# Task details
Your output should be the lines from the one with "Esmeralda michelle" through the last line of the records below, exactly as written, minus the pictures.

# Data to use
------------
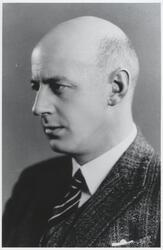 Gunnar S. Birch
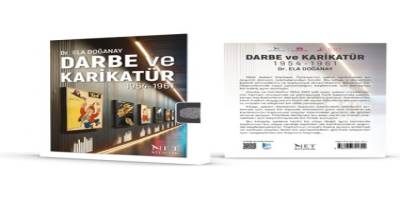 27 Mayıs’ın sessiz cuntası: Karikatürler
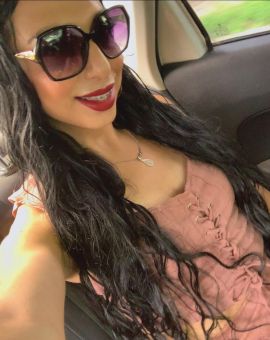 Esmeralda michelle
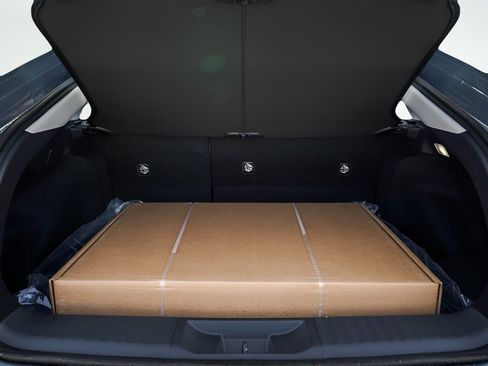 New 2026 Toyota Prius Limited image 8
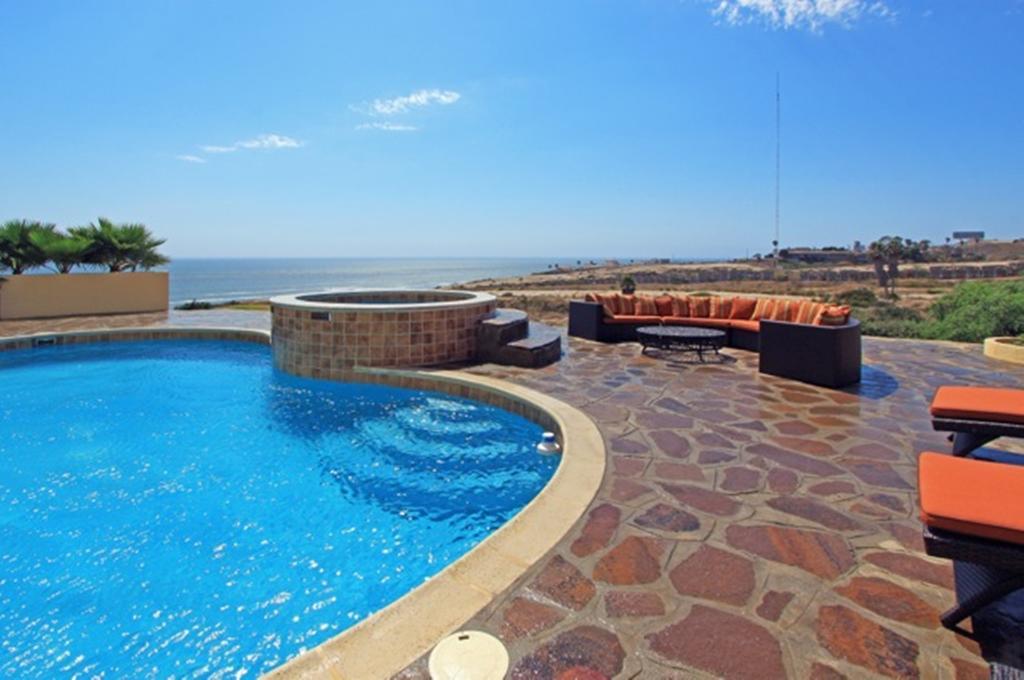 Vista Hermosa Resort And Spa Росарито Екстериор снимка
------------
# Task result
 Esmeralda michelle
 New 2026 Toyota Prius Limited image 8
 Vista Hermosa Resort And Spa Росарито Екстериор снимка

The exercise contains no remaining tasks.